In this March 20, 2014 file photo provided by the Australia Defence Department, Royal Australian Air Force Loadmasters launch a Self Locating Data Marker Buoy from a C-130J Hercules aircraft in the southern Indian Ocean for search of Malaysia plane missing
A massive hunt for the missing Malaysia Airlines plane resumed today, on the 28th day, with newly mobilised underwater search effort.
Up to 10 military planes, three civil jets and 11 ships will join the search for flight MH370, reports the Star, a Malaysian English daily, quoting China's Xinhua news agency.
Australian navy vessel Ocean Shield and British oceanographic vessel HMS Echo have been tasked with underwater operations, the daily reported.
An area of about 217,000 square kilometres, 1,700 kilometres northwest of Perth will be scanned with the aid of fair weather conditions, the Australian Maritime Safety Authority (AMSA) said.

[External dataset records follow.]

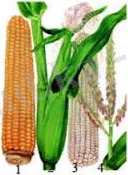 Картинки по запросу жүгері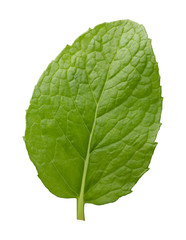 Obraz premium Single Fresh Mint Leaf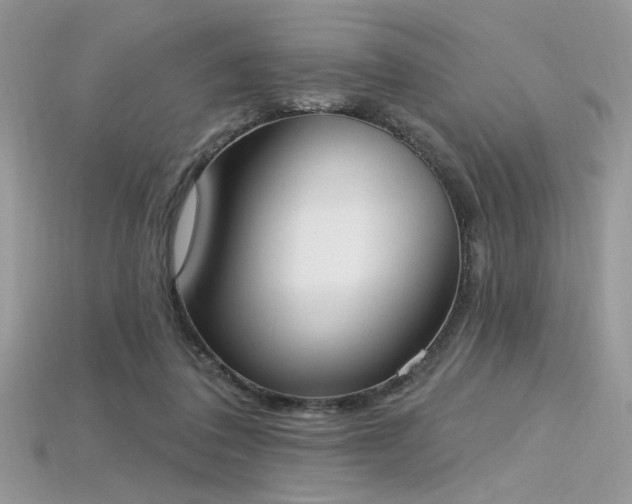 X0000115710308200911121431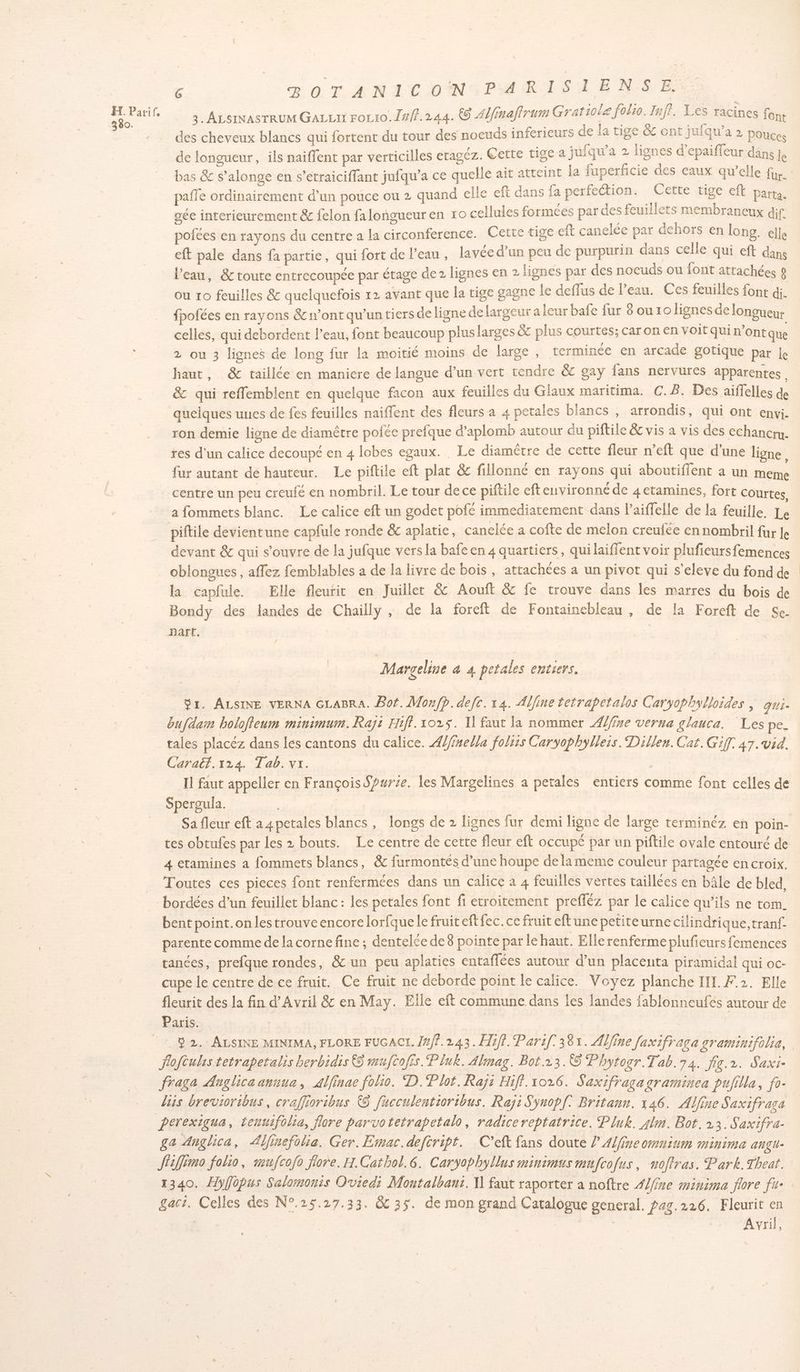 380. f BOTANICON PARISIENSE. 3. ALernasrrum GaLuui rorio. Jul. 244. € Alfinafirum Gratiole folio. Inff. Les racines font des cheveux blancs qui fortent du tour des noeuds inférieurs se a tige &amp;c ont juiqu'a 2 Pouces de lonoueur, ils naiflent par verticilles eragéz. Cette tige a juiqu'a 2 lignes d’epaiffeur dans le bas &amp; s’alonge en s’etraiciffant jufqu’a ce quelle ait atteint la fuperficie des caux qu’elle fur. 6 ds : z an 4 f ‘Te 4 : . 7: 2 pafle ordinairement d’un pouce ou 2 quand elle eft dans fa perfection. | Cette tige eft parta. oée interieurement &amp; felon falongueuren ro cellules formées par des feuillets membraneux dif pofées en rayons du centre a la circonference. Cette tige eft canelée par dehors en long. elle cft pale dans fa partie, qui fort de l’eau, lavée d’un peu de purpurin dans celle qui eft dans l’eau, &amp; toute entrecoupée par étage de 2 lignes en 2 lignes par des nocuds ou font attachées 8 ou 10 feuilles &amp; quelquefois 12 avant que la tige gagne le deflus de l’eau. Ces feuilles font di. fpofées en rayons &amp; n’ont qu'un tiers de ligne de largeur a leur bafe fur 8 ou rolignes de longueur celles, qui debordent l’eau, font beaucoup pluslarges &amp;c plus courtes; car on en voit qui n’ont que 2 ou 3 lignes de long fur la moitié moins de large, terminée en arcade gotique pat le haut, &amp; taillée en maniere de langue d’un vert tendre &amp;c gay fans nervures apparentes | &amp; qui reffemblent en quelque facon aux feuilles du Glaux maritima. C.8. Des aiffelles de quelques unes de fes feuilles naiffent des fleurs a 4 petales blancs , arrondis, qui ont envi. ron demie ligne de diamètre polée prefque d’aplomb autour du piftile &amp; vis a vis des echancry. res d'un calice decoupé en 4 lobes egaux. Le diamêtre de cette fleur n’eft que d'une ligne, fur autant de hauteur. Le piftile eft plat &amp; fillonné en rayons qui aboutiflent a un meme centre un peu creufé en nombril. Le tour dece piftile efteuvironné de 4 etamines, fort Courtes, a fommets blanc. Le calice eft un godet pofé immediatement dans l’aiffelle de la feuille. Le piftile devientune capfule ronde &amp;c aplatie, canelée a cofte de melon creufée en nombril fur Je devant &amp; qui s'ouvre de la jufque vers la bafe en 4 quartiers, quilaiffent voir plufieursfemences oblongues , affez femblables a de la livre de bois, attachées a un pivot qui s'eleve du fond de la capfule. Elle fleufit en Juillet &amp; Aouft &amp; fe trouve dans les marres du bois de Bondy des landes de Chailly , de la foreft de Fontainebleau, de la Foreft de Se. 6 HAïrC. Margeline à 4 petales entiers. Sr. ALSINE VERNA GLABRA. Bof. Monfp.defc. 14. Alfine tetrapetalos Caryophylloides , qui. bufdam bolofleum minimum. Rajt Hifi. 1025. Il faut la nommer fine verna glauca. Les pe. tales placéz dans les cantons du calice. Æ/fnella foliis Caryophylleis. Dillen. Cat. Gif: 47. vid. Caraët.114. Tab. vr. | | Il faut appeller en François $purie. les Margelines à petales entiers comme font celles de Spergula. tes obtufes par les » bouts. Le centre de cette fleur eft occupé par un piftile ovale entouré de 4 etamines a fommets blancs, &amp; furmontés d’une houpe de lameme couleur partagée en croix. Toutes ces pieces font renfermées dans un calice a 4 feuilles vertes taillées en bâle de bled, bent point.on les trouve encore lorfque le fruiteftfec. ce fruit eftune petiteurne cilindrique, tranf parente comme de la corne fine ; dentelée de 8 pointe par le haut. Elle renferme plufieurs femences tanées, prefque rondes, &amp; un peu aplaties entaffées autour d’un placenta piramidal qui oc- cupe le centre de ce fruit. Ce fruit ne deborde point le calice. Voyez planche HE F2. Elle fleurit des la fin d'Avril &amp; en May. Elle eft commune dans les landes fablonneufés autour de Flofculis tetrapetalis berbidis muftofs.Pluk. Almag. Bot23.% Phytogr.Tab.74. fig.2. Saxi- fraga Anglicaannua, dlfinae folio. D. Plot. Raji Hifi. 1026. Saxifragagraminea pufilla, fo- ga Anglica, Alfinefolia. Ger. Ermac.deftript. C’eft fans doute ?’4/ffneomnium minima angu- Jhiffemo folio, wufcofo flore. H.Catbol.6. Caryopbyllus minimus mufcofus, noffras. Park. Theat. 1340. Hyffopus Salomonis Oviedi Montalbant. X] faut raporter a noftre Alfine minima flore fu gaci. Celles des N°.25.27.33. &amp; 35. de mon grand Catalogue general, pag.226, Fleurit en | | | | Avril,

Ocean Shield equipped with a US towed pinger locator and HMS Echo will continue scouring a single 240 kilometre underwater track converging on each other.
The sub-surface search was launched on Friday in an attempt to recover the plane's black box that contains a pinger with a battery life of 30 days after a crash.
The towed pinger locator is capable of picking up emissions from the black box pinger up to 6,100 metres under sea surface while the Echo is fitted with an array of sensors and sidescan sonar for surveying the ocean floor.
MH370 with 239 people on board is believed to have crashed on March 8 in the southern Indian Ocean west of Perth, although no confirmed debris has been found from the plane.
"The underwater scan zone has been chosen based on analysis by the investigative team from five nations of the most likely aircraft track to where the aircraft might enter into the water," said Angus Houston, chief of Joint Agency Coordination Center (JACC) who leads the search.
Houstan said the visual search will go on as it may find wreckage on the surface that would result in the further narrowing down of the search area.